_What is needed_
Repeat exactly, and only, the lines below starting at the line that contains "VERA Cross Body" and ending at the line that contains "Golden Chain Ring", inclusive of both.

_Working data_
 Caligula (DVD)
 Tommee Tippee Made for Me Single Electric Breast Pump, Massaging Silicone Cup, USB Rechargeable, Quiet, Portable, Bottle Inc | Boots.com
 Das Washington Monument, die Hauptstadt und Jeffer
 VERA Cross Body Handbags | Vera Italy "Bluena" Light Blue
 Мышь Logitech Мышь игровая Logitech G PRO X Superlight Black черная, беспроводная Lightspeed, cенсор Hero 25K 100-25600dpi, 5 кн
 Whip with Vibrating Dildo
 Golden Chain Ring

...

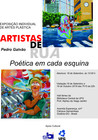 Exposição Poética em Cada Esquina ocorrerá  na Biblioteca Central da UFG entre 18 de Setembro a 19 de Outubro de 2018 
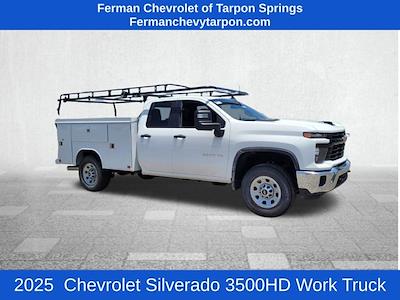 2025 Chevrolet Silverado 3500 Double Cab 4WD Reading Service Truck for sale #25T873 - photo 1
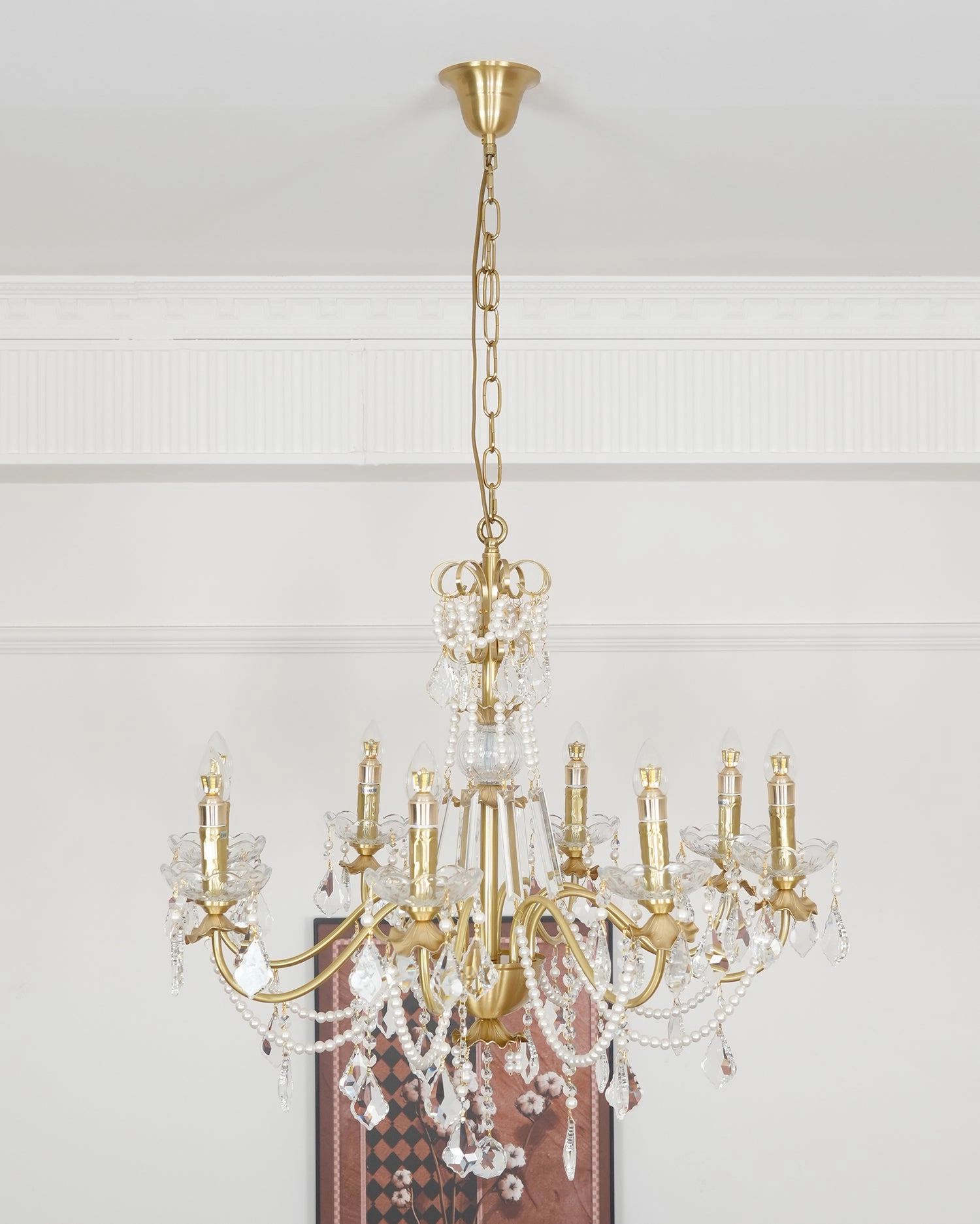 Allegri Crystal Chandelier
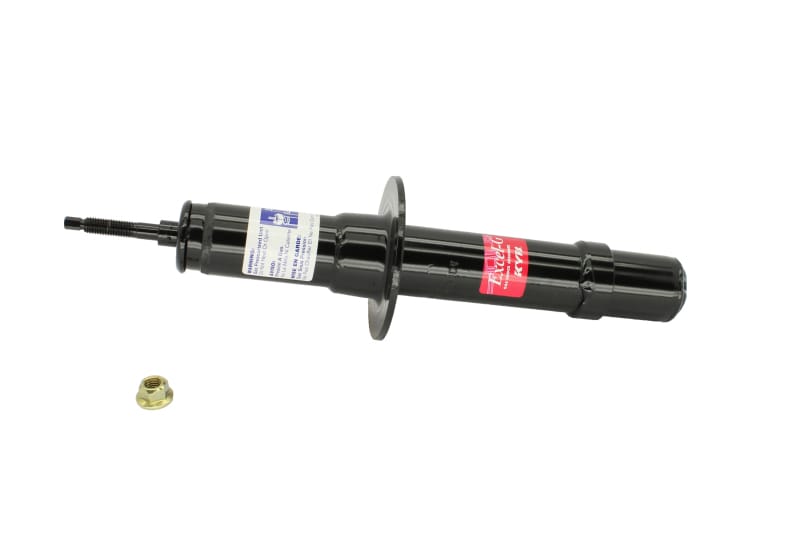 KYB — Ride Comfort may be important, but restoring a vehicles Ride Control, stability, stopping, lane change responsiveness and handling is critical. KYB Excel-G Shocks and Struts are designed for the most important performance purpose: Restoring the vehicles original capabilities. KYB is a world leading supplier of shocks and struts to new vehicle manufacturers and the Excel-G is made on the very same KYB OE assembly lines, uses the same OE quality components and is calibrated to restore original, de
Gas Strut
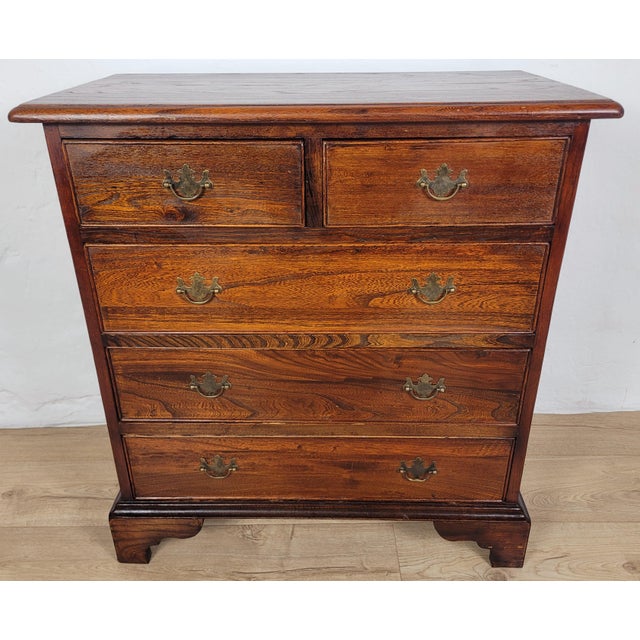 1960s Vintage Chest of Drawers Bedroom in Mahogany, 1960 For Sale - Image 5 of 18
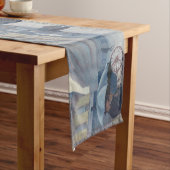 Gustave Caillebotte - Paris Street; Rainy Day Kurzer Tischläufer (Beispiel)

_Task answer_
 VERA Cross Body Handbags | Vera Italy "Bluena" Light Blue
 Мышь Logitech Мышь игровая Logitech G PRO X Superlight Black черная, беспроводная Lightspeed, cенсор Hero 25K 100-25600dpi, 5 кн
 Whip with Vibrating Dildo
 Golden Chain Ring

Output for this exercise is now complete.